Brownstone Discovered

In 1889, the first of several large brownstone quarries opened in Sanford. Brownstone, a deep reddish brown sandstone, underlies Sanford and much of northern Lee County. Since the beginnings of settlement, the stone had been used by local builders for house foundations, chimneys, cemetery walls, and the like. In the mid-1800s, the engineers who built the Western Railroad through the area exploited the stone's decorative potential in their beautifully crafted culverts. Brownstone was quarried locally on a small commercial scale during the 1870s and 1880s.

In America's fast-growing cities, interest in architectural brownstone reached a fever pitch during the late nineteenth century, a period aptly christened the Brown Decades. Romanesque brownstone government buildings were built throughout North Carolina and elsewhere, and row after row of apartment buildings known as "brownstones" went up in New York, Philadelphia, and other cities. By the end of the 1880s, Sanford's enhanced rail connections enabled it to cater directly to this burgeoning national market. In 1889, the local press urged, "The people of Sanford owe it to themselves to have the brownstone quarries in a quarter mile of the depot operated. Let's agitate and force this excellent building stone upon the market. It is of the best in the U.S. and there is enough of it here to build a New York or Chicago." And indeed, in August 1889 a Philadelphia concern leased quarry sites from several landowners in the Sanford area.

In February 1890, W. H. Smith of Michigan, the contractor for a federal office building then under construction in Wilmington, leased a site southwest of the downtown and put twenty-five stonecutters to work. The stone was shipped to Wilmington on the newly completed Cape Fear & Yadkin Valley Railroad. African American stonecutters made up the majority of the workforce at the Smith quarry, as they did at most later Sanford quarries. The success of W. H. Smith's quarry inspired local landowners and northern capitalists to step up brownstone production. In June 1891, the Moore County Brownstone Company opened a quarry on a ninety-acre tract west of downtown. Sanford’s brownstone industry flourished through the turn of the century, but a shift in national taste away from the heavy Romanesque forms and rich coloration of the 1880s and 1890s toward the lighter, classical compositions popularized by the Columbian Exposition of 1893 gradually led to a slackening of demand for the local stone. Brownstone remained in use locally, for window lintels and other façade trim in downtown Sanford commercial buildings.

One of Lee County's architectural paradoxes is the virtual absence of sophisticated brownstone construction, despite the prevalence of brownstone quarrying.

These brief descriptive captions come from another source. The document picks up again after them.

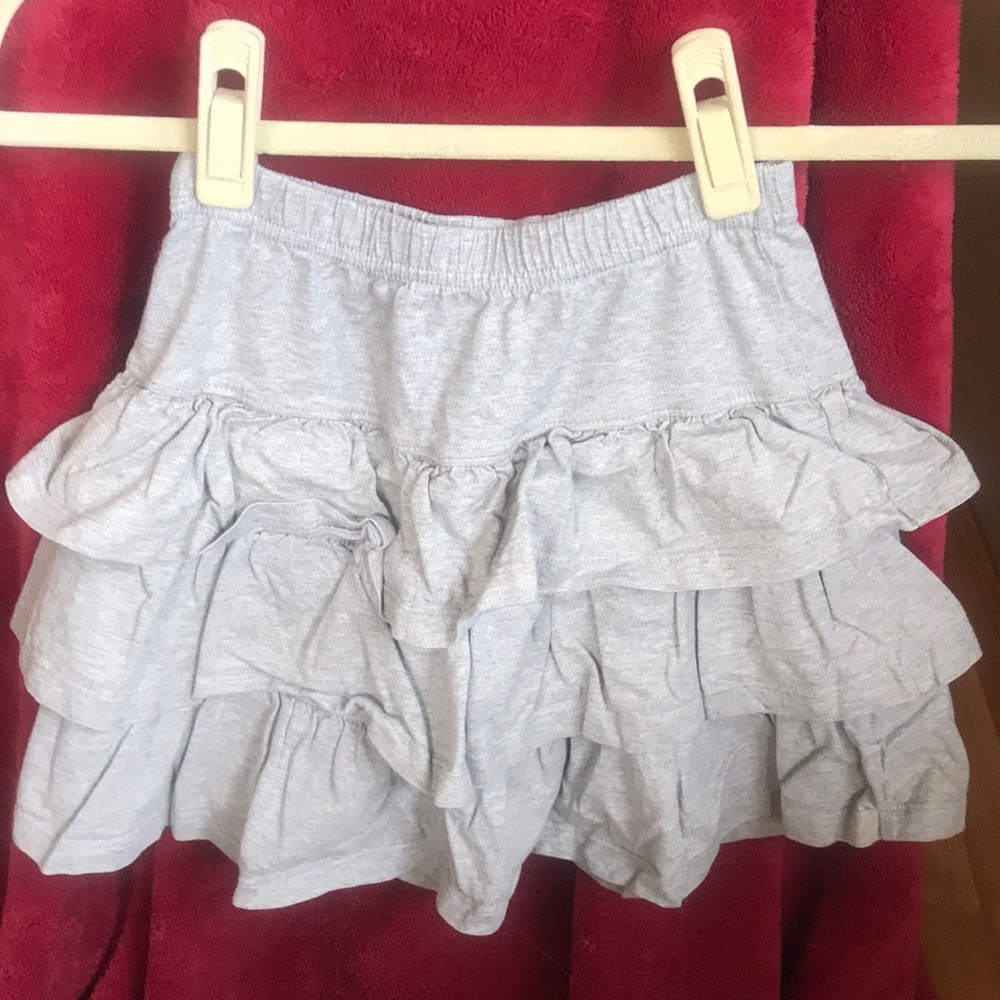 Skirt ruffled size 120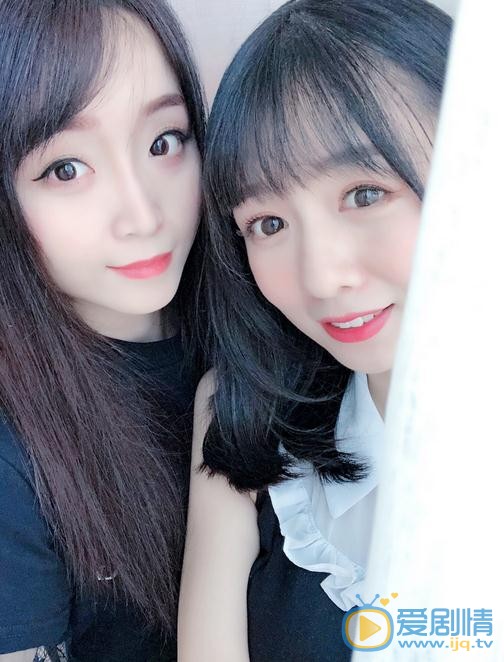 刘木子与人合照 刘木子高清写真_刘木子高清剧照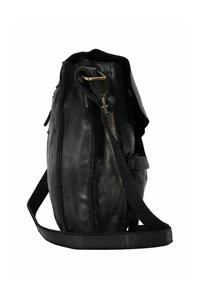 Borsa in pelle nera con finitura testurizzata, dotata di un compartimento principale, tasca laterale con zip e tracolla regolabile. Dettagli in metallo dorato.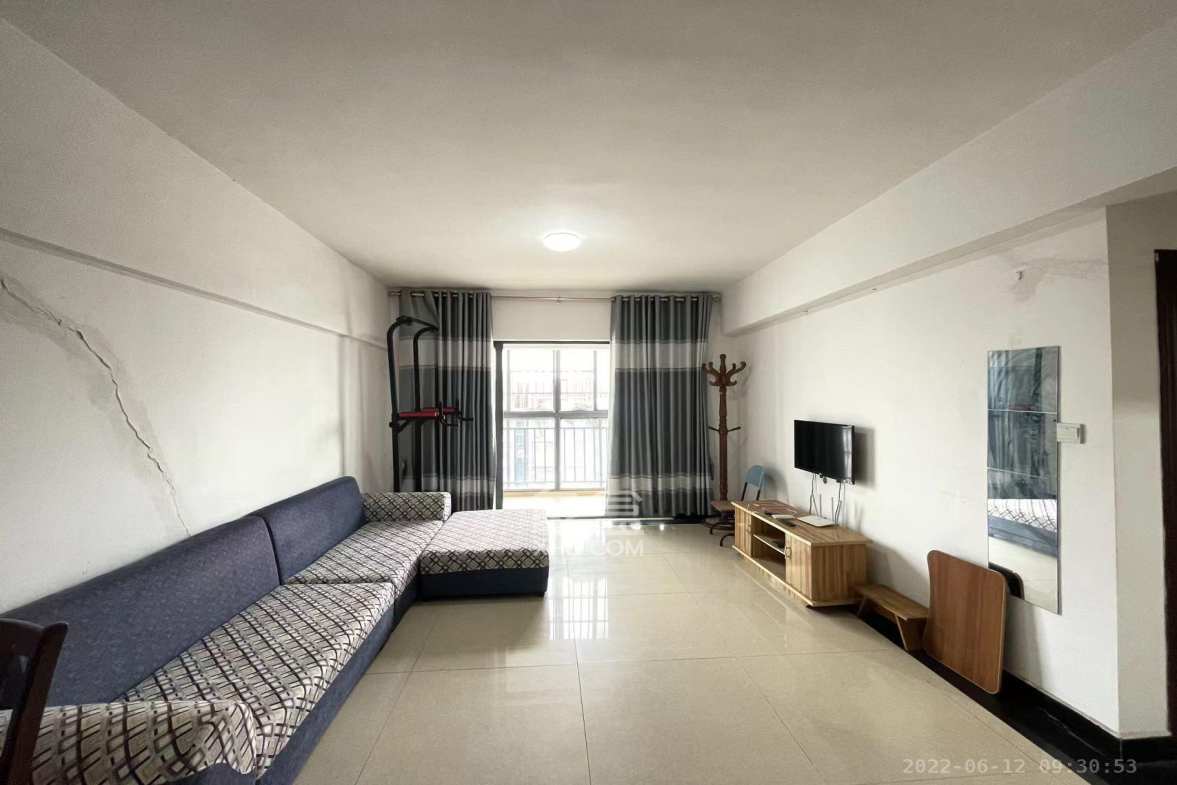 极目楚天  2室2厅1卫    2100.0元/月室内图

The Endor Iron Furnace and the Western Railroad used brownstone in the mid-1800s, but during the peak years of production, only the 1908 Lee County Courthouse and a handful of commercial buildings in downtown Sanford used brownstone in its dressed form. The stone was used with more frequency in Sanford landscaping. The front yard of the early-twentieth-century John R. Jones House at 402 Hawkins Avenue is bordered by a low brownstone wall punctuated by stone gate posts and short piers capped with pyramidal blocks, and a set of brownstone steps leads up to the house of quarry owner Roscoe E. Carrington at 214 Summitt Drive.